Exercise description » Take the line that contains "Clicking Edit will" and every line after it in the material below, and quote them exactly.

━━━━

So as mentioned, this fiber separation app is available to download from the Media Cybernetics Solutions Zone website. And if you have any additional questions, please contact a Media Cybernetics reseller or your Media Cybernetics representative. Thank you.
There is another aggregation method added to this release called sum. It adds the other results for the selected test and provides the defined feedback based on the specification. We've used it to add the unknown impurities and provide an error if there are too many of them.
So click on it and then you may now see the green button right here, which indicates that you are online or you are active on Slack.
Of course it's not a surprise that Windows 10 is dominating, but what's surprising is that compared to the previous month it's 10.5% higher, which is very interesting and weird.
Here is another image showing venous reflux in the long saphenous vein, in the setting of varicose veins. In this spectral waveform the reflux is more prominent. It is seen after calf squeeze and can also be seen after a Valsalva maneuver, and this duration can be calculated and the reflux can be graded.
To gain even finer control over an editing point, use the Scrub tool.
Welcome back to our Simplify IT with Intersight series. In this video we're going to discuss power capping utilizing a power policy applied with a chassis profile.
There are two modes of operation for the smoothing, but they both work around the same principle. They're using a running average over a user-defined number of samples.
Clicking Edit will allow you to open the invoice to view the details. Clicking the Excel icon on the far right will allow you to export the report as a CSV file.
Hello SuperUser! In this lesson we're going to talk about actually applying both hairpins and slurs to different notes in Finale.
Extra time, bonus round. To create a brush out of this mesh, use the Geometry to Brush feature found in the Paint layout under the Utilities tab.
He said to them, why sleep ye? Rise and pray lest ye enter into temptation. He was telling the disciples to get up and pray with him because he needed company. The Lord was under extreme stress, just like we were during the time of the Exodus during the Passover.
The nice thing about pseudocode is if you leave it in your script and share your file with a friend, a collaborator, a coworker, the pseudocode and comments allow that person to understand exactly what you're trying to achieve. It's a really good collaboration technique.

━━━━

Result below »
Clicking Edit will allow you to open the invoice to view the details. Clicking the Excel icon on the far right will allow you to export the report as a CSV file.
Hello SuperUser! In this lesson we're going to talk about actually applying both hairpins and slurs to different notes in Finale.
Extra time, bonus round. To create a brush out of this mesh, use the Geometry to Brush feature found in the Paint layout under the Utilities tab.
He said to them, why sleep ye? Rise and pray lest ye enter into temptation. He was telling the disciples to get up and pray with him because he needed company. The Lord was under extreme stress, just like we were during the time of the Exodus during the Passover.
The nice thing about pseudocode is if you leave it in your script and share your file with a friend, a collaborator, a coworker, the pseudocode and comments allow that person to understand exactly what you're trying to achieve. It's a really good collaboration technique.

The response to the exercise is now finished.